If URL fails with timeout or 5xx error:
1. Retry once after 3-second delay
2. If second attempt succeeds: PASS
3. If second attempt fails: FAIL (report as unreliable)

**Do not retry:**
- 404 Not Found (permanent)
- 403 Forbidden (permission issue)
- DNS failure (domain issue)

## Success Criteria

Link verification passes when:
- All URLs return 200 OK (or 301/302 to 200 OK)
- All quoted text exists verbatim in sources
- Zero placeholders detected
- All attributions match source metadata
- Verification report shows PASS status

## Common Mistakes

| Mistake | Fix |
|---------|-----|
| Ignoring 301 redirects | Follow redirect and verify final destination |
| Accepting paraphrased quotes | Find verbatim match or remove quote formatting |
| Leaving placeholder links | Replace with actual sources |
| Skipping retries for timeouts | Retry once, then report if still failing |
| Not checking attribution accuracy | Verify author/title match source metadata |

## Related Skills

- **citation-compliance**: Invokes this skill for URL validation
- **content-verification**: Uses this skill for explicit verification step
- **source-integrity**: Validates source metadata (complementary concern)
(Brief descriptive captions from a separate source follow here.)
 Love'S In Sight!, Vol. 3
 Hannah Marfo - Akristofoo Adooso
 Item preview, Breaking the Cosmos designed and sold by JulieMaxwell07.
## Anti-Rationalization Blocks

Common excuses that are **explicitly rejected**:

| Rationalization | Reality |
|----------------|---------|
| "Link worked yesterday" | Verify every time. No assumptions. |
| "Quote is close enough" | Verbatim or not a quote. |
| "Placeholder is obvious" | Replace with actual source. |
| "One broken link is fine" | Zero tolerance. Fix or fail. |
| "We'll verify later" | Verify now or block workflow. |